Try it:
Please set down each of the lines below once more, exactly, omitting all pictures.

Dataset content:
=== Section Start ===
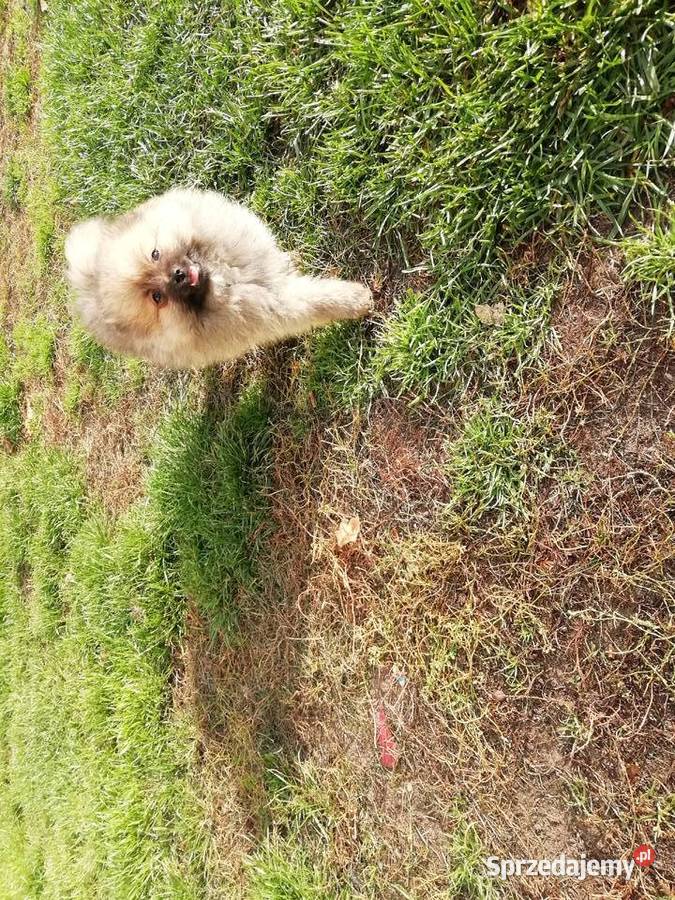 Szpi miniaturowy Pomeranian Syców sprzedam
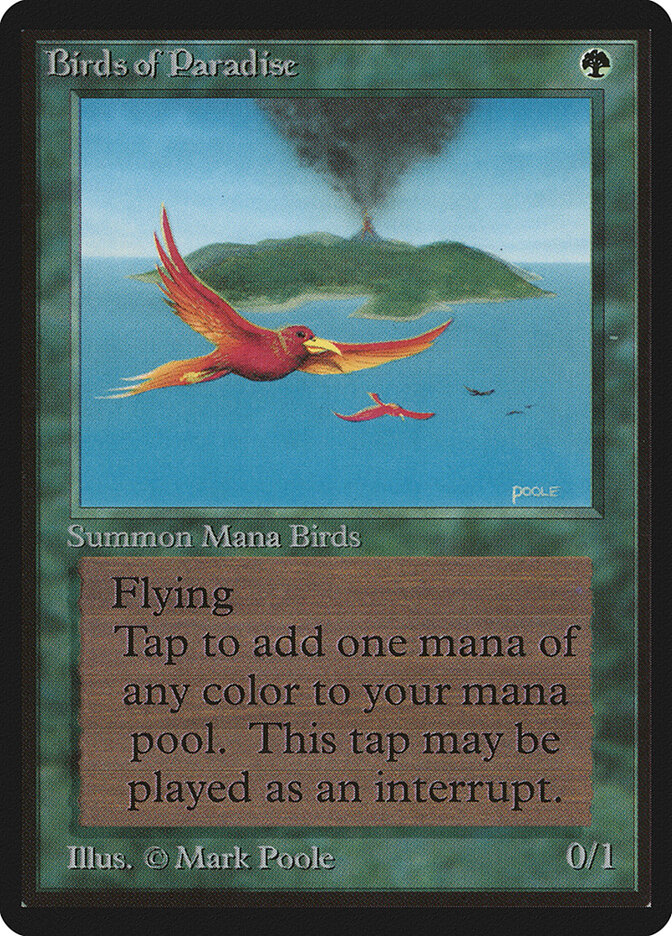 Birds of Paradise card front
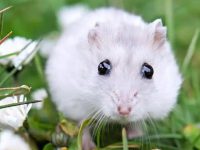 How long does a hamster live as a pet?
=== Section End ===
Solved exercise:
 Szpi miniaturowy Pomeranian Syców sprzedam
 Birds of Paradise card front
 How long does a hamster live as a pet?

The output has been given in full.